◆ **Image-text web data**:
=-=-=-=-=

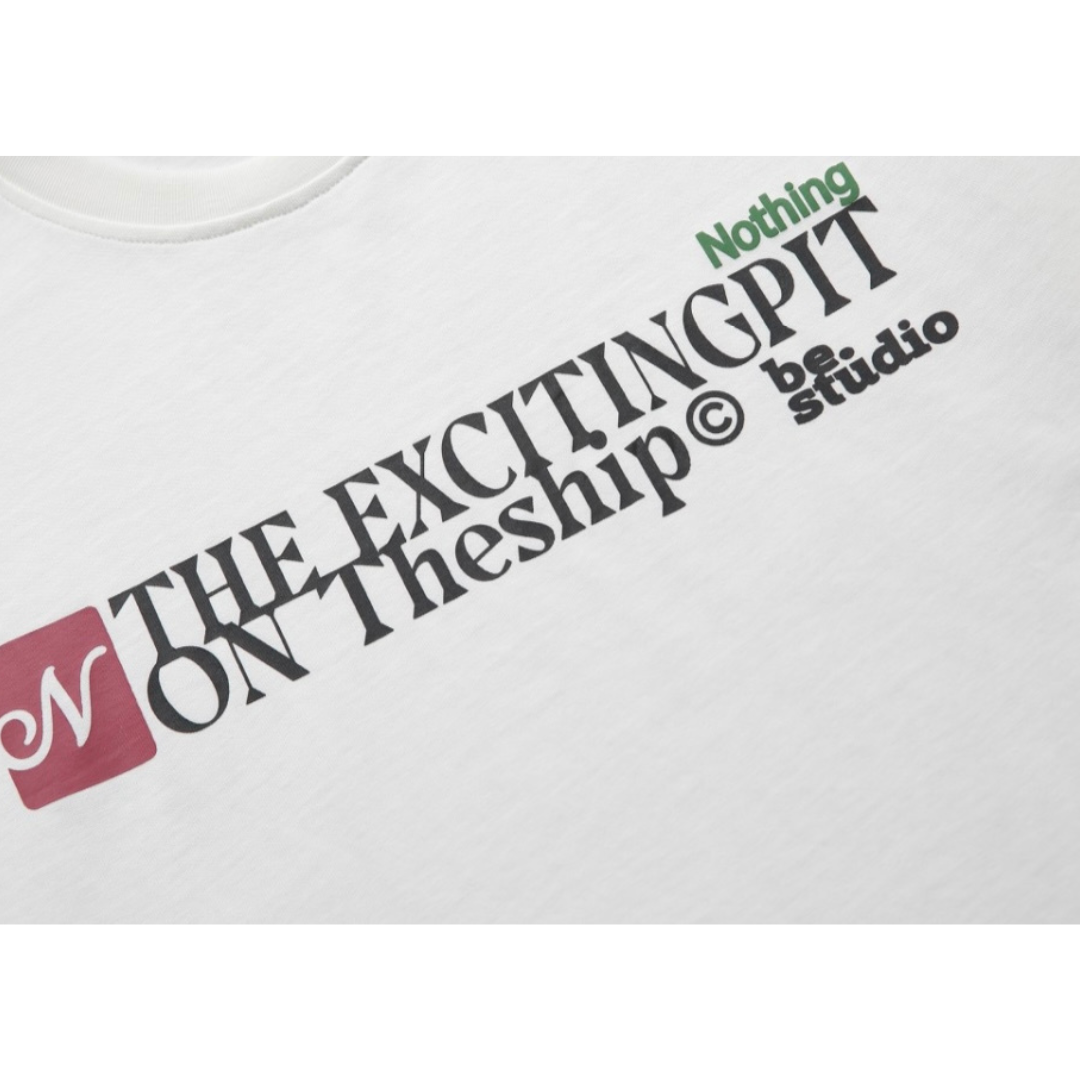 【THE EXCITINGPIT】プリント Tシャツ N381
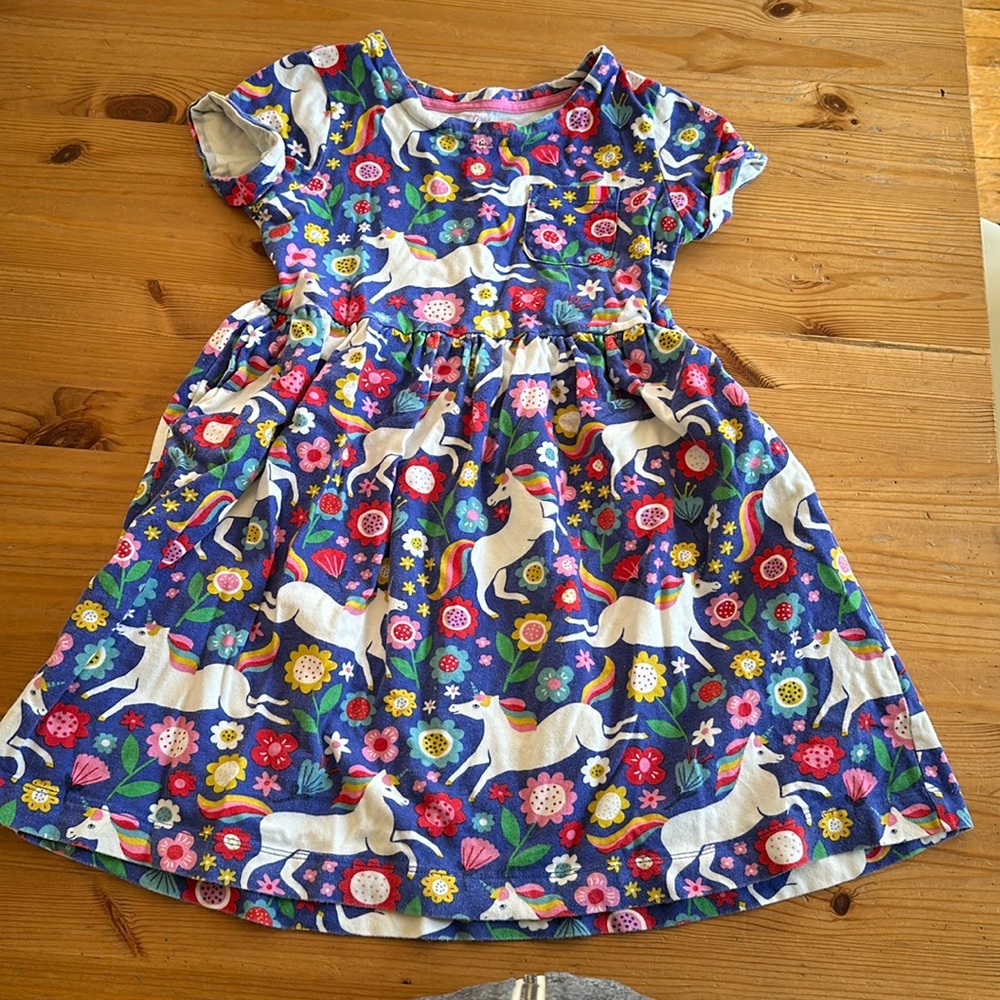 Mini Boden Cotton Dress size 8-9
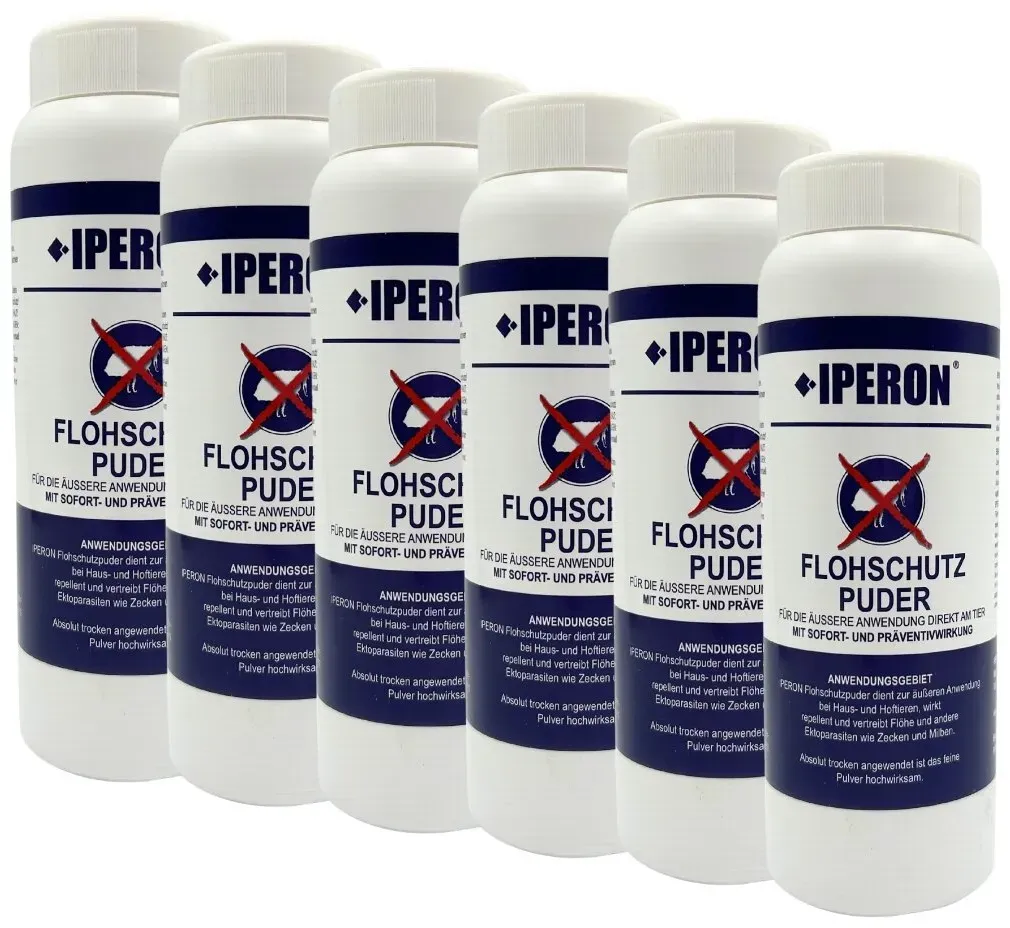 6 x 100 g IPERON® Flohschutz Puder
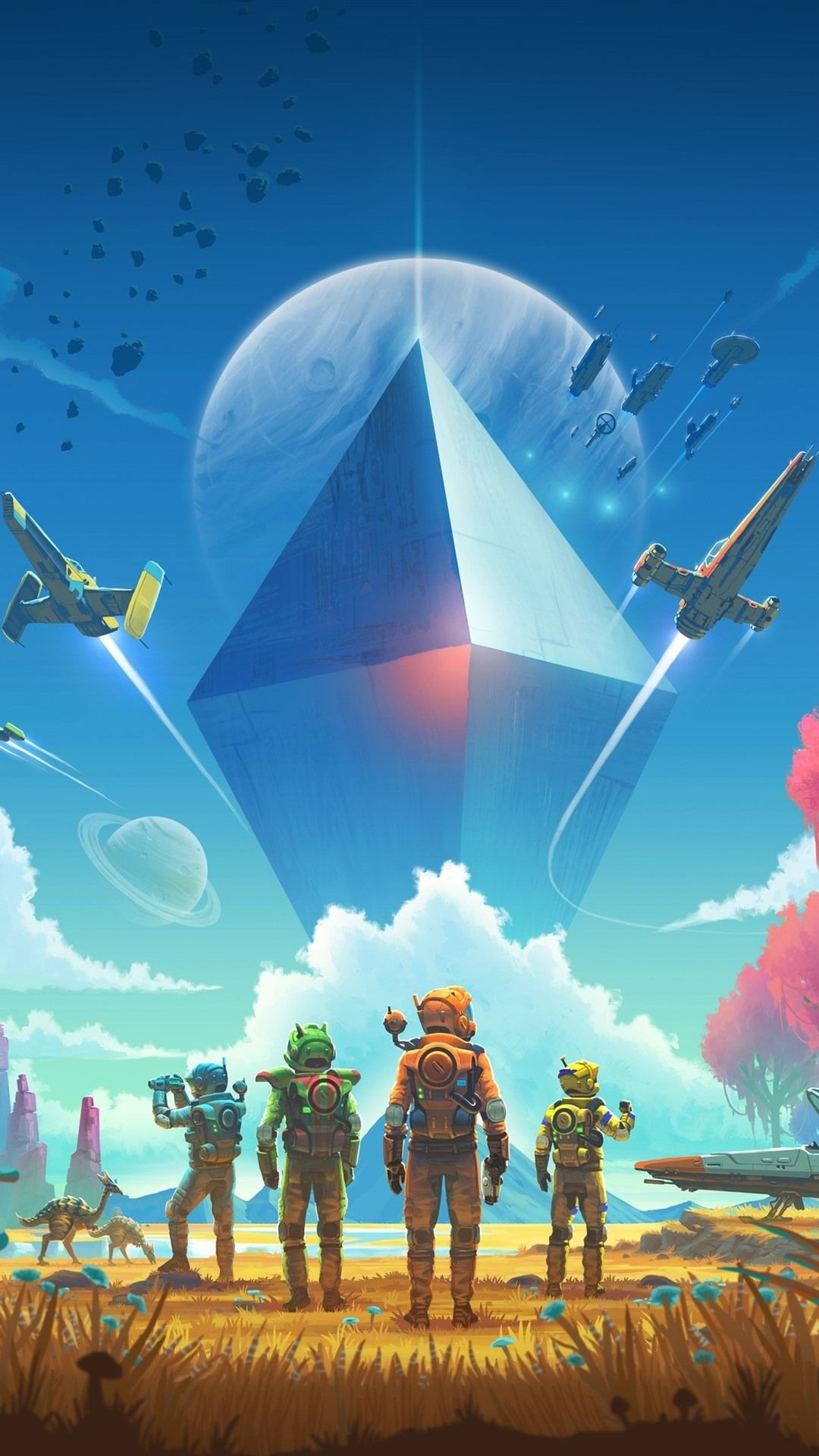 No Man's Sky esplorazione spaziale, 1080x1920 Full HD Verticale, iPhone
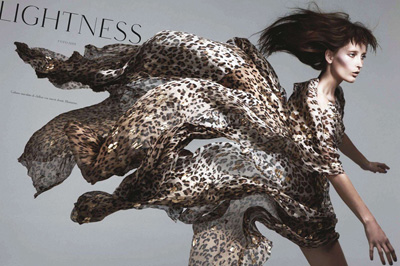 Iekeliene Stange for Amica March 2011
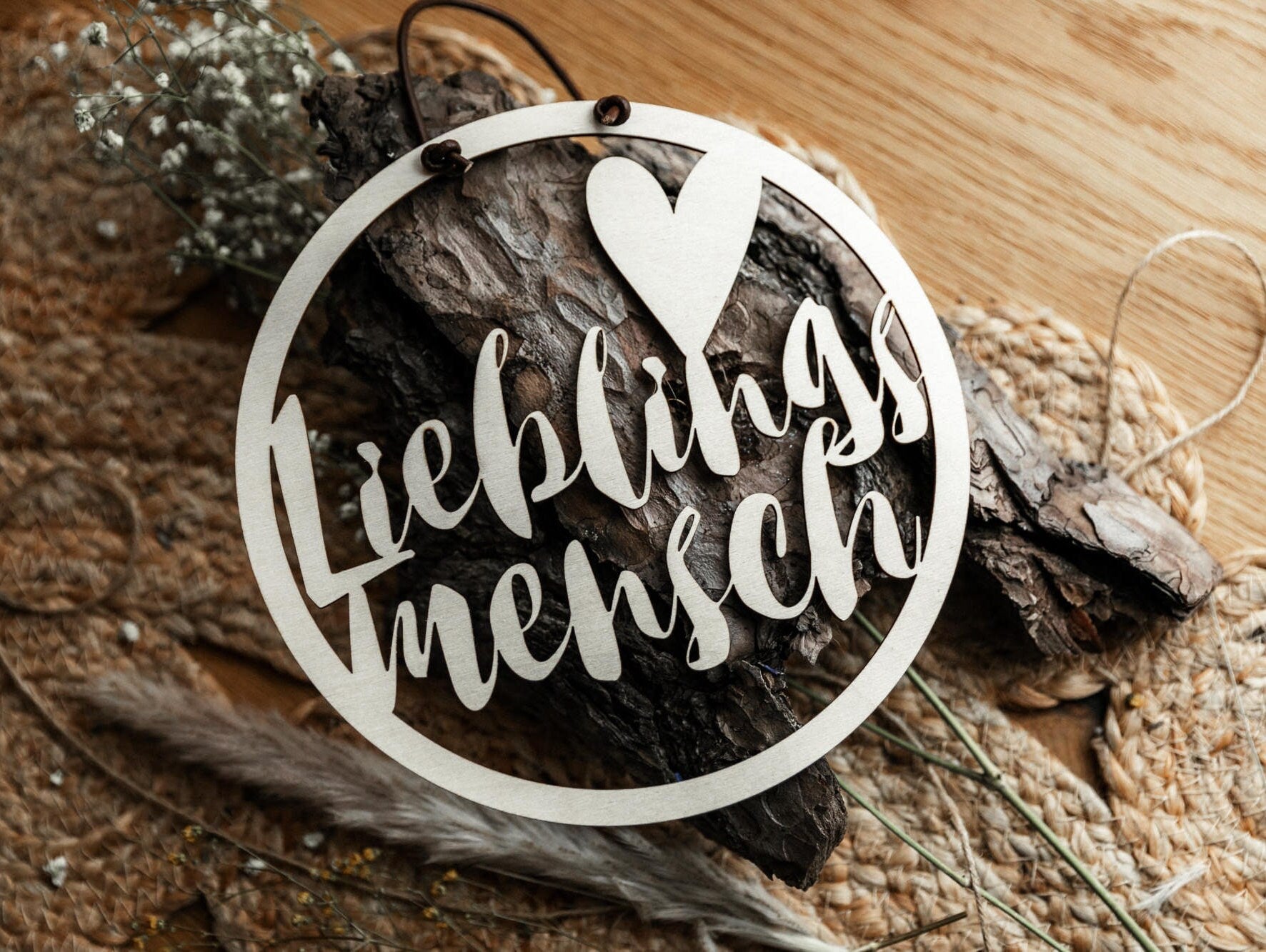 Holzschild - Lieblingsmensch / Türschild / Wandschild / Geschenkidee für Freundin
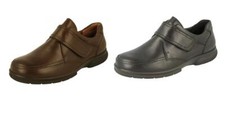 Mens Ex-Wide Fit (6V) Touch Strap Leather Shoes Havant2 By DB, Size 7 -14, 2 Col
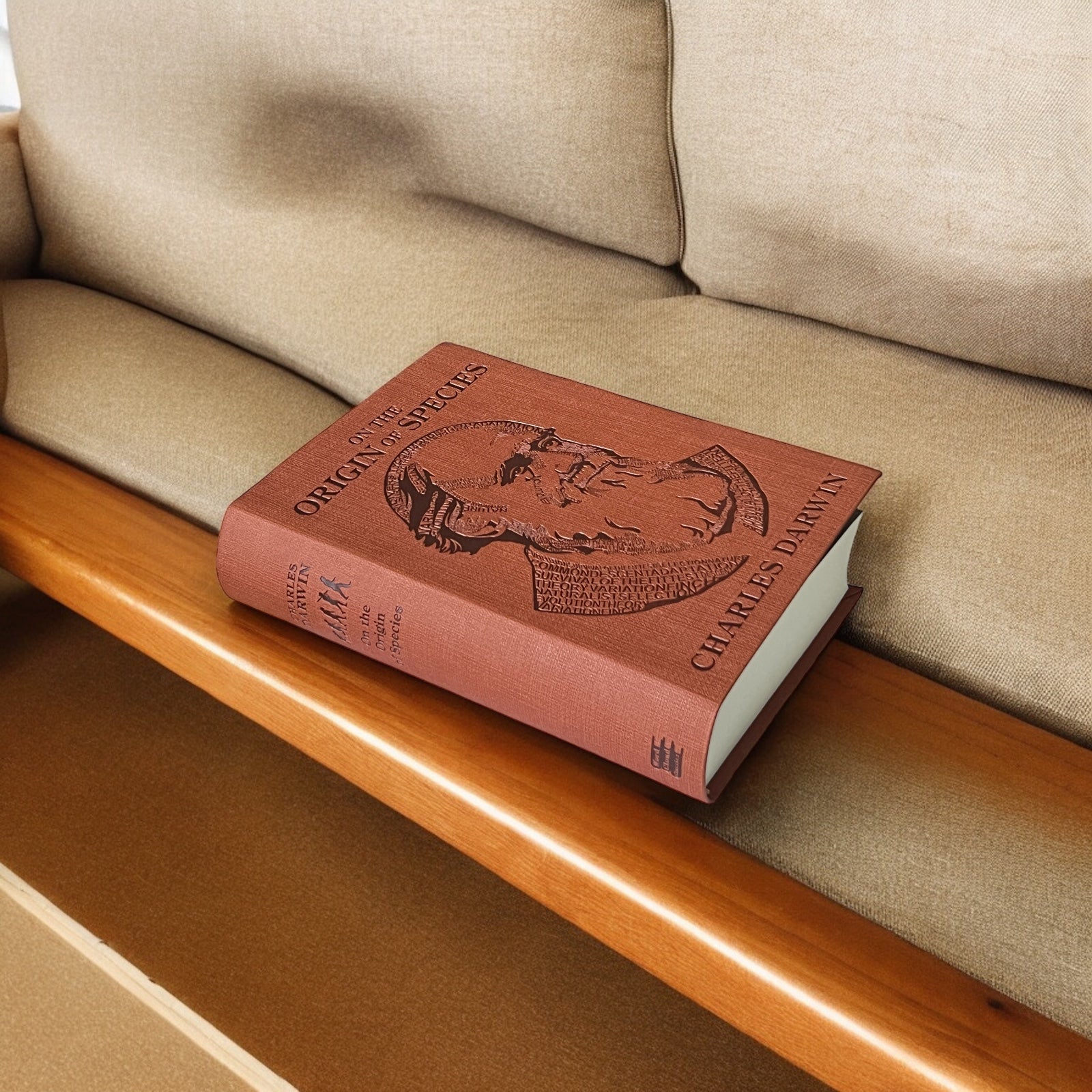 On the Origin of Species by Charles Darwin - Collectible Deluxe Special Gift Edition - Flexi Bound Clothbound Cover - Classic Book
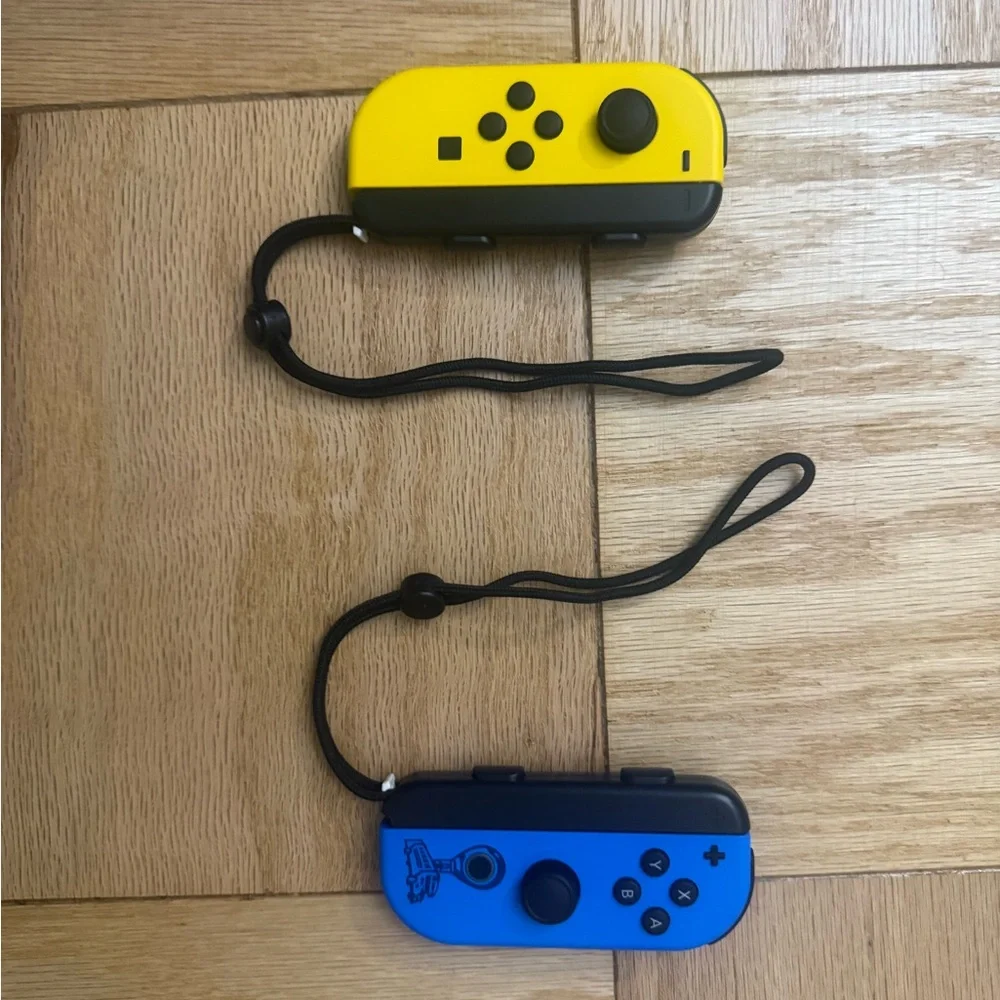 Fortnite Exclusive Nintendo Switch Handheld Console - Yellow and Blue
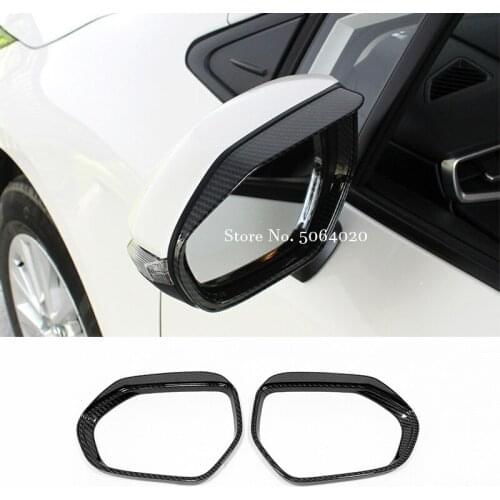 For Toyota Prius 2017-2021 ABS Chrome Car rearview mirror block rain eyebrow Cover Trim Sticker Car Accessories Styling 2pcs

=-=-=-=-=

◆ **PROBLEM TO WORK ON**: Your answer should be the lines above from the one that contains "Iekeliene Stange for Amica March 2011" through the last, set down exactly, with the pictures removed.

◆ **WRITTEN ANSWER**:
 Iekeliene Stange for Amica March 2011
 Holzschild - Lieblingsmensch / Türschild / Wandschild / Geschenkidee für Freundin
 Mens Ex-Wide Fit (6V) Touch Strap Leather Shoes Havant2 By DB, Size 7 -14, 2 Col
 On the Origin of Species by Charles Darwin - Collectible Deluxe Special Gift Edition - Flexi Bound Clothbound Cover - Classic Book
 Fortnite Exclusive Nintendo Switch Handheld Console - Yellow and Blue
 For Toyota Prius 2017-2021 ABS Chrome Car rearview mirror block rain eyebrow Cover Trim Sticker Car Accessories Styling 2pcs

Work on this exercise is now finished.